Activity> Transcribe word for word each line from the one containing "Pokemon Magikarp &" to the final line of the data, both included. Skip the pictures.

Records for this exercise>
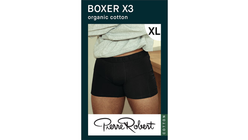 Cotton Boxer Men Black XL | 3stk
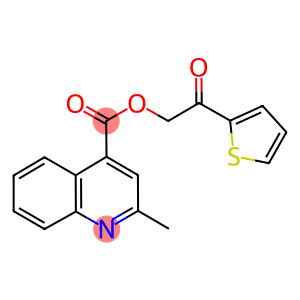 2-oxo-2-(2-thienyl)ethyl 2-methyl-4-quinolinecarboxylate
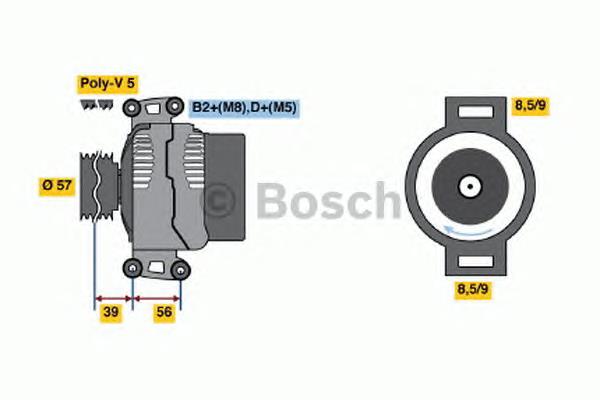 Генератор 0986048620 Bosch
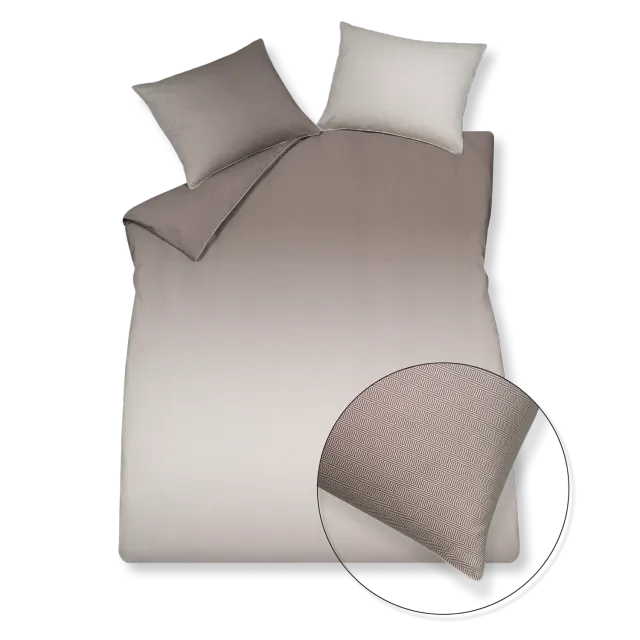 Vandyck Home Milano dynetrekk 140x200 taupe sateng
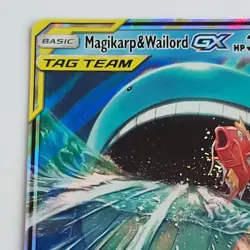 Pokemon Magikarp & Wailord GX SM166 Tag Team Black Star Promo Near Mint - Image 4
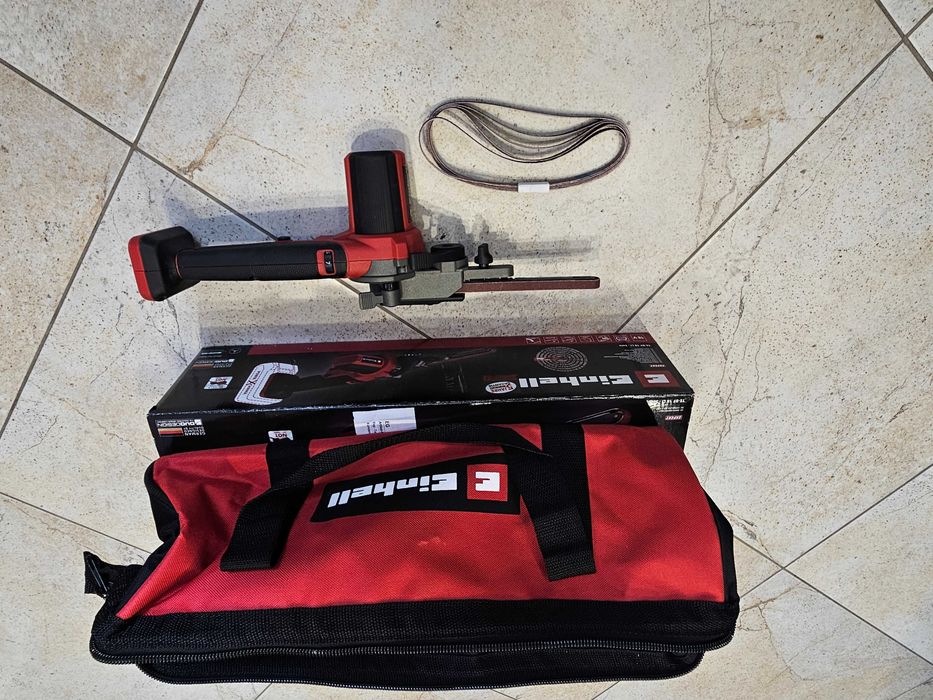 Акумуляторний стрічковий напилок (шліфмашина) Einhell TE-BF 18 Li-Solo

Written solution>
 Pokemon Magikarp & Wailord GX SM166 Tag Team Black Star Promo Near Mint - Image 4
 Акумуляторний стрічковий напилок (шліфмашина) Einhell TE-BF 18 Li-Solo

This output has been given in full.